3 x AMD EPYC 7713, 512GB RAM, 2x1TB SSD (RAID 1, OS), 5 x 3.84TB NVMe (Ceph)
Networking:
- 2 port embedded 1G NIC: 1 port for public internet access, 1 port for private network - both connected to switch ports acting as access ports to different VLANs
10G setup was:
2 port 10G NIC connected to 10G switch via fiber links, ports we're bound in 802.2 LACP (layer2)
25G setup is:
2 port 25G NIC connected directly to other nodes via DAC cables - no bridges, no bonds - routed setup (ports connected by single cable have their own /30 network).
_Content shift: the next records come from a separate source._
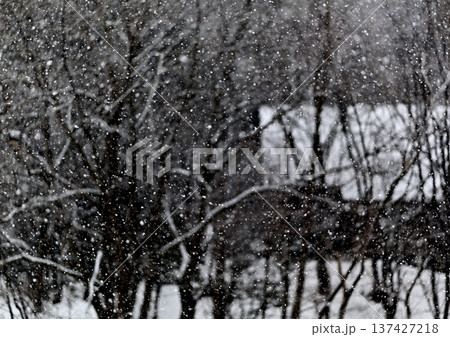 名残の雪舞う森の山小屋 名残の雪舞う森の山小屋 137427218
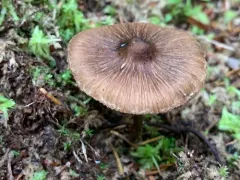 Inocybe sphagnophila thumbnail 3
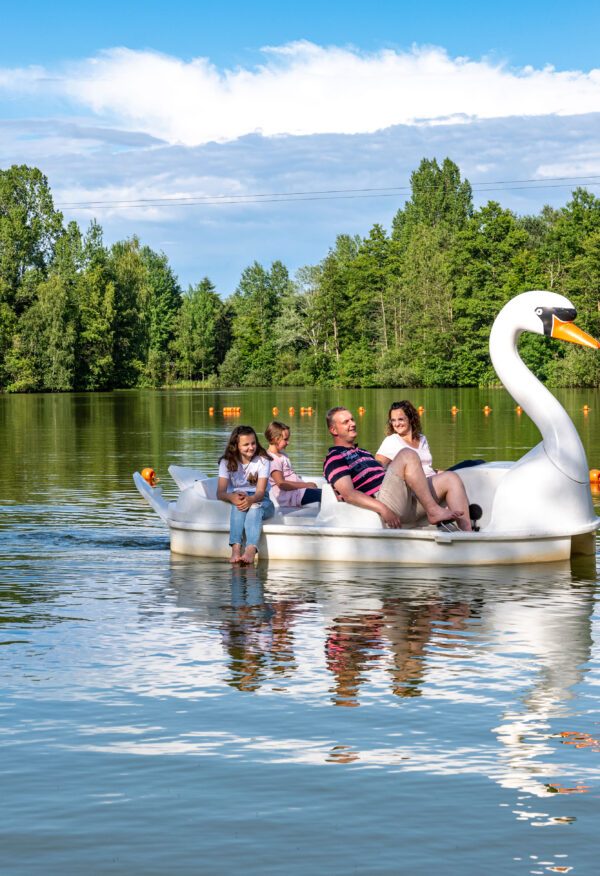 In the swan boat we go across the small lake.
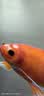 冷水鹦鹉鱼招财鱼血鹦鹉红金鱼冷水观赏鱼活体鱼苗好养耐活发财鱼 冷水血鹦鹉3条【16-18cm】 实拍图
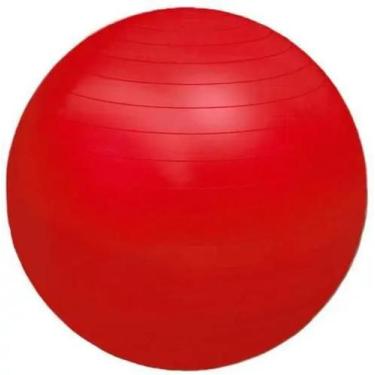 Imagem de Bola Fisioball Ortho Pauher 55cm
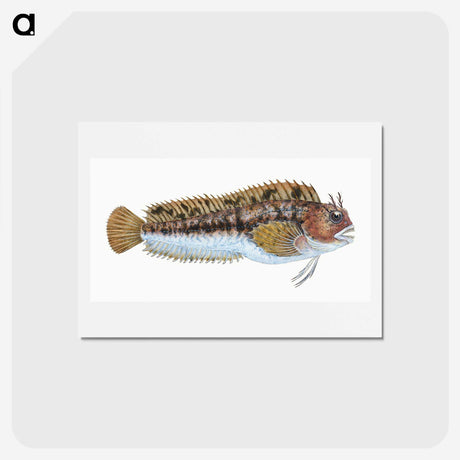 2-1_The-Natural-History-of-British-Fishes_hagaki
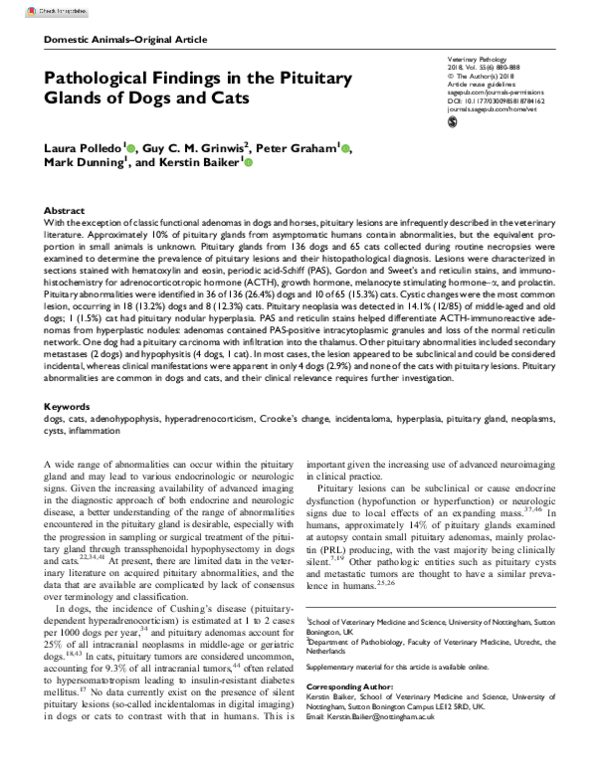 (PDF) Pathological Findings in the Pituitary Glands of Dogs and Cats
On top of that I've setup up FRR with OSPF to handle access via "identity" IPs - IPs assigned to loopback interface, routing is handled by FRR.
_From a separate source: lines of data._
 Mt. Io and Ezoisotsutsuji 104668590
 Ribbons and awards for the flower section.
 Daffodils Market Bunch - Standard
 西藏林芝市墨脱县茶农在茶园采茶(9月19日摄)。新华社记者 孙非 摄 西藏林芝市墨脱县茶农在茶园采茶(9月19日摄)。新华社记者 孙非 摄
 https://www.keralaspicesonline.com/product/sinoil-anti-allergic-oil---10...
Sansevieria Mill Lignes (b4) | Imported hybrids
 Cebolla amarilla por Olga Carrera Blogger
FRR is very quick in handling "node down" scenarios, so Ceph doesn't suffer when i shutdown/reboot node for maintenance.
Ceph uses that network for public and private communication, additionally Proxmox is set to use this network for migrations.
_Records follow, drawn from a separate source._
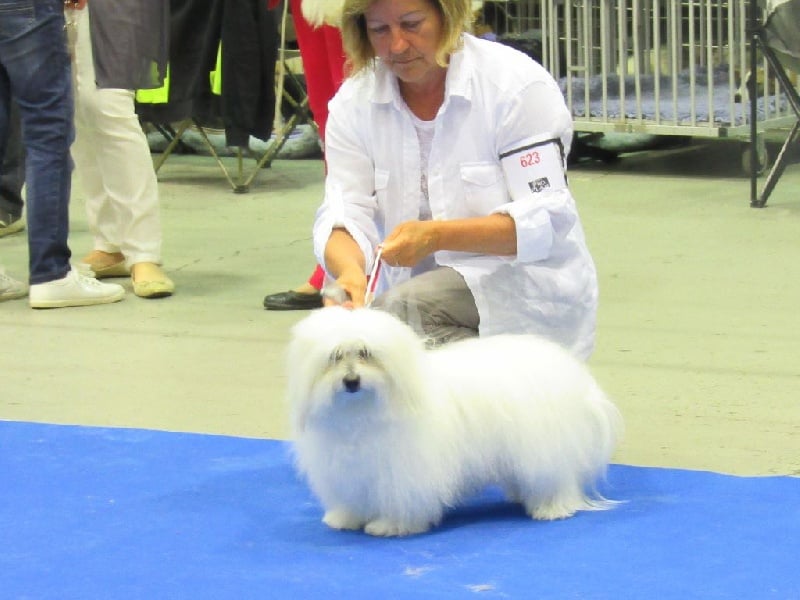 CH. Flower des petits lutins blancs - 2ème excellent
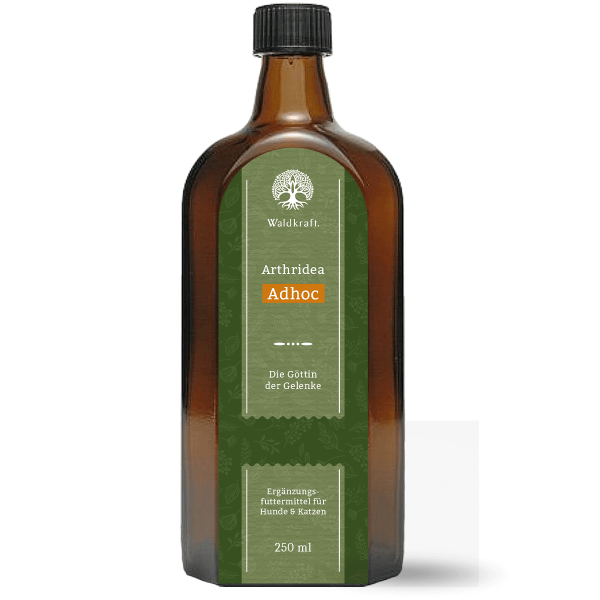 Arthridea Adhoc - Die schnelle Gelenkunterstützung - 250ml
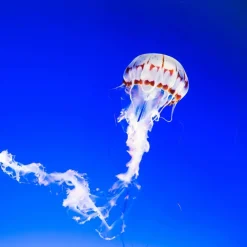 Calendrier photos - Vie sous-marine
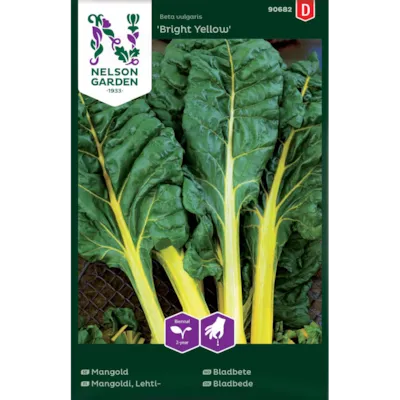 Frø bladbete Bright Yellow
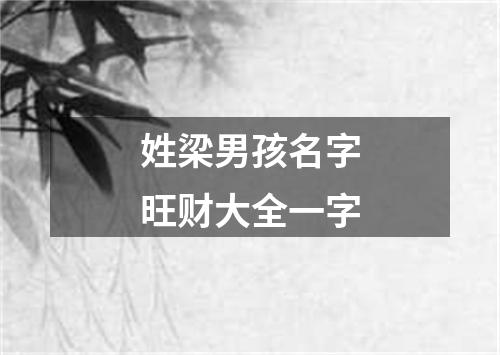 姓梁男孩名字旺财大全一字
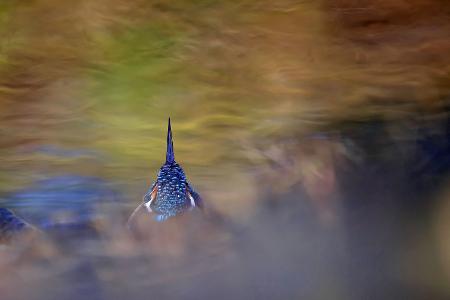 die besten tierfotos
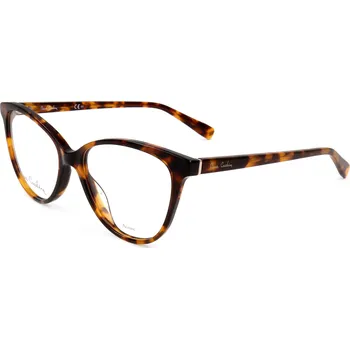 Brýlová obroučka Pierre Cardin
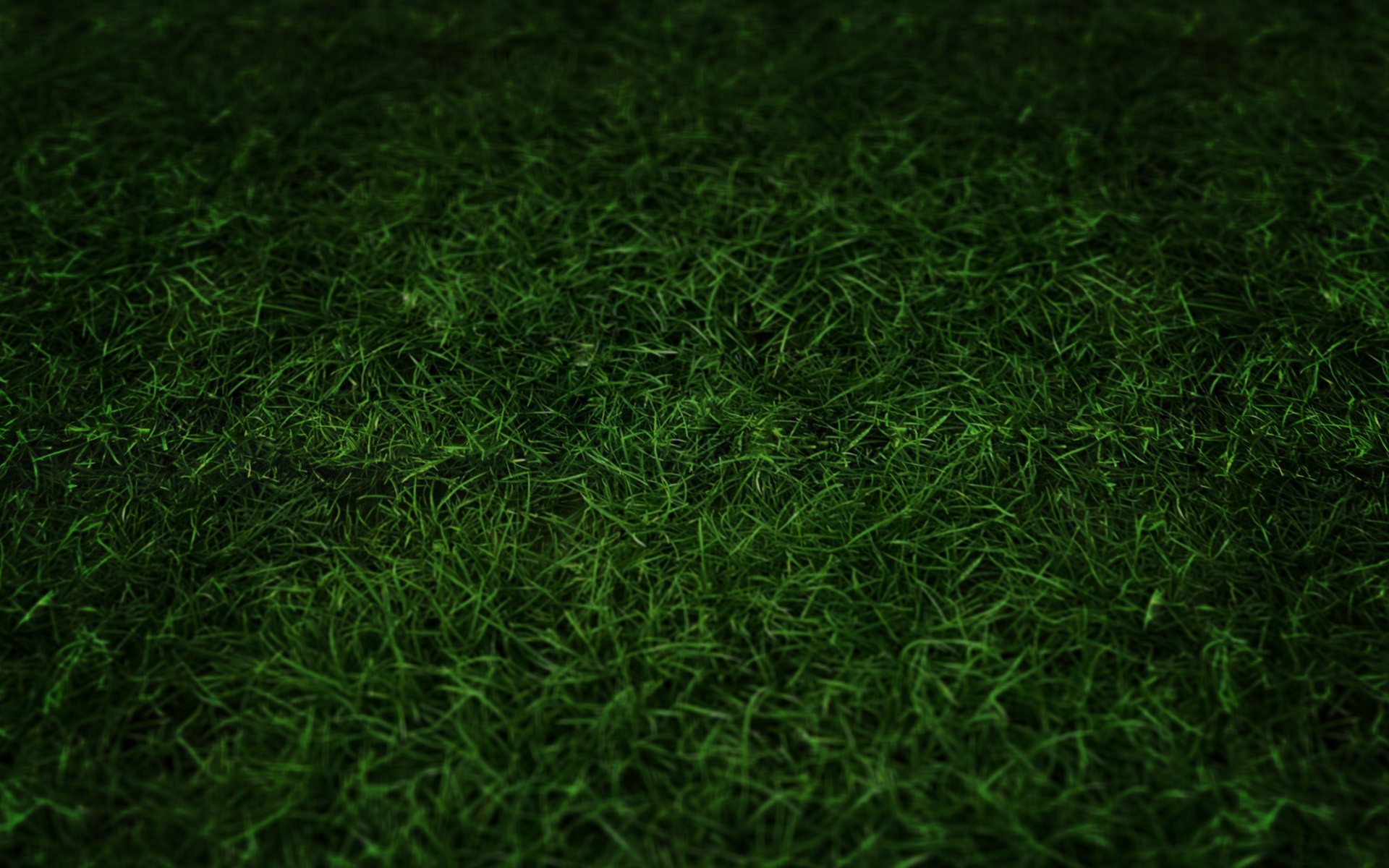 Prato, Texture erba, Verde scuro, 1920x1200, sfondo MacBook Pro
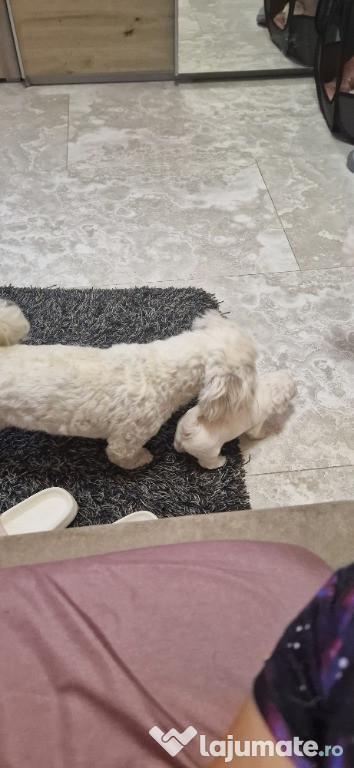Vand bichon maltez talie mica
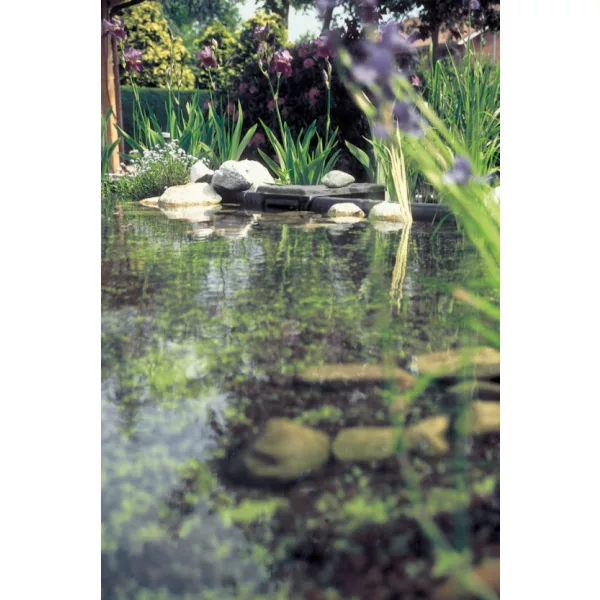 Oase BioSYS Skimmer Plus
This setup is working very well for me.
I've had a single situation that needs investigation, but i cannot reproduce it - for some reason one of my VMs was stuck on IO during single node maintenance, however Ceph did not report any PGs unavailable, and other VMs we're fully functional. VM regained fully operational status once the node was booted up. I've spent 2 hours migrating VMs back and forth, restarting different nodes and I couldn't reproduce the issue.